Tullow staff supports Orphans Cry International…with GH¢2,000 from Quiz Night

By

MR. Brian Nicoll, Health and Safety Advisor, for Tullow oil in Takoradi, one of the oil drilling companies in Ghana, with support from his colleague, Charlie Lawrie, organised a fun game dubbed 'Quiz Night' at the Sahara Bar in Takoradi, for staff of Tullow, to raise funds out of the quiz competition to support an orphanage home.

Fortunately, Orphans Cry International, based at Apowa in the Ahanta West District, was selected after the fundraising became successful and yielded an amount of GH¢2,000, which the organisers decided to use to support Orphans Cry International (OCI), to enable them complete a new building block commenced by the orphanage home, which is to replace a dilapidated wooden structure, currently being used as a kitchen. A church in the school is also being used as a classroom block.

Making the presentation, Brian Nicoll and Charlie Lawrie pointed out that it was part of their social responsibility, and commitment towards helping the needy in the society in which they operate, and expressed satisfaction with the excitement that greeted their support to the orphanage home. “We are thrilled absolutely, about the meeting with this children and the reception that greeted our support to their plight,” Brian pointed out, indicating that some local agents of Tullow had earlier on donated football jerseys and other sports kits to the school, to help them in their sporting activities. The news of the support to the school was received on behalf of the management of the school by Mr.
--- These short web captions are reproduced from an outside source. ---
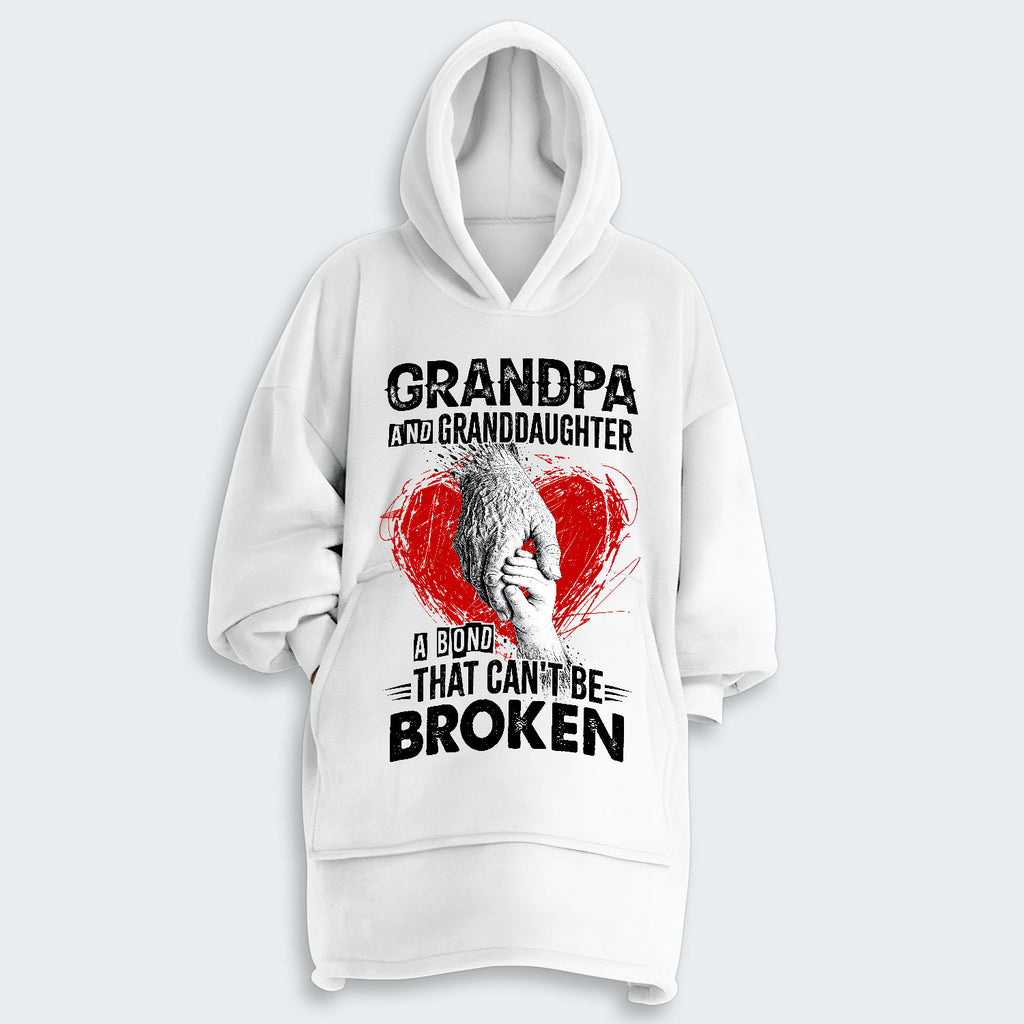 Grandpa And Granddaughter A Bond That can't Be Broken Hoodie Blanket 240126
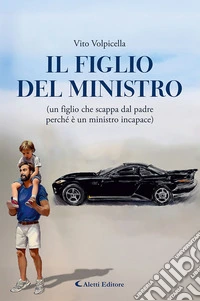 Il figlio del ministro. Nuova ediz. libro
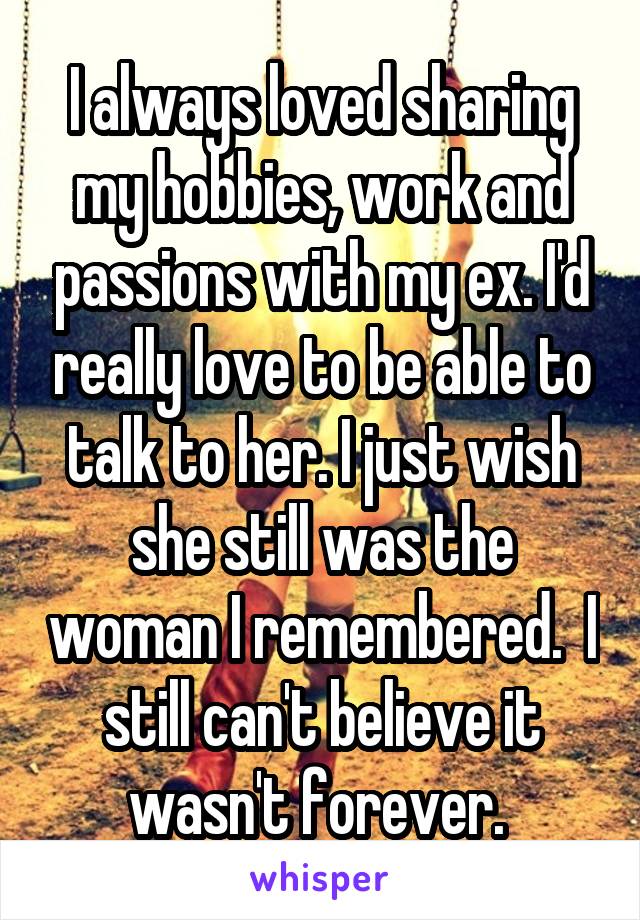 I always loved sharing my hobbies, work and passions with my ex. I'd really love to be able to talk to her. I just wish she still was the woman I remembered.  I still can't believe it wasn't forever.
Richard Kweku Sam, on behalf of Bishop Emmanuel Young, Patron of the Orphanage, and noted that after completion of the school's cafeteria, a wooden structure which is currently in a deplorable state, the fencing of the school, coupled with the general expansion of the structures of the school, it would make more classrooms available for the pupils and ease congestion in the classrooms.

He said the pupils would also heave a sigh of relief, since the facilities of their kitchen, dining, and academic environment, would all be in good shape to ensure the wellbeing and proper upbringing of all the orphans living and schooling in the home.

Currently, the school has about three class room blocks, in addition to a church, which has been converted by the management of the school as a classroom block, to take care of the children who are in kindergarten and nursery. One of the volunteers working at the orphanage, Nicki Marshall, who welcomed the Tullow team to the home, commended the team for the kind gesture, and bemoaned the poor facilities being used by the home, while explaining the difficulties which the pupils and their caretakers were going through, as a result of the lack of support.

She described the Tullow team's support as noble, and emphasised that it would go a long way to help reduce some of the difficulties.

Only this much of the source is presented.